If you have multiple files then you can choose to omit the file name and git will let you decide on each hunk for each file.
You can also hit "s" to split a hunk to only commit a part of a hunk of if you want fine grained control you can hit "e" to edit just that hunk in your $EDITOR to only select a specific line or whatever you want.
Personally I tried fugitive and other git clients in the past and always come back to git add -p on the command line. It just feels the most natural and it also forces you to look at the hunks, so there's really no chance you'll accidentally forget to add something.
When using GUIs with sidebars showing what files changed, etc. it's easy to forget to add something because you skim it without really paying attention to what was changed.
imo the strength of Magit (and its author has certainly said so) is that while the Git CLI provides a slightly different interface that you have to learn for each different operation, Magit provides a consistent UI for every single Git operation it supports (around 90% of Git features).

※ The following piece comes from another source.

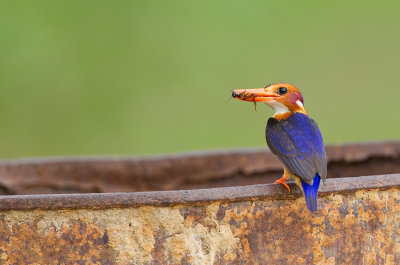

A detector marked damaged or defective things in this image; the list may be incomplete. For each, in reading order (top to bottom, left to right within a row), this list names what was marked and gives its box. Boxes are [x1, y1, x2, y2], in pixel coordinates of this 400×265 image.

rusty metal surface [0, 140, 398, 194]
rusty metal rim [0, 173, 398, 210]
corroded metal edge [0, 173, 398, 210]
rusty metal surface [0, 140, 400, 262]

Nothing's wrong with using CLI. You might not need it, but sometimes it's nice to have something with more. Most people on this planet think that managing files from terminal is pure insanity, and I do just that, I didn't even bothered to install a graphical file manager. And yet I use a git client/front-end in my text editor, because it's nicer to do some things that way. The most useful feature is probably interactively staging hunks just like you'd edit a text file over what standard git does.
Completely agree that magit is superb. The fantastic integration with git forges to check out PR branches as worktrees has really been a game changer for me. I can see what PRs are open, create a worktree with fuzzy selection on PR branches, and then switch to that worktree to review changes in ediff.
I use Emacs inside VSCode's terminal just for Magit. And I've configured Emacs to open directly with the magit-status buffer. It beats all the VSCode extensions I have tested.
I have found this mostly good enough that it gives me hope for VSCode. I wish more extensions took inspiration from Emacs and were implemented in texty ways as editor windows though.
On the discussion of values, I'd also like to submit "(expected) longevity" for consideration, which I think is distinct from "stability".
I made the switch from Vim to Neovim as soon as I felt confident that (1) the project was going to be around for a while, and (2) it was on track to "overtake" Vim (you may choose to disagree with me on this, I found built-in LSP to be a compelling selling point, but the specifics aren't really related to the point I'm trying to make). That it was almost completely a drop-in replacement, down to the init file, certainly didn't hurt.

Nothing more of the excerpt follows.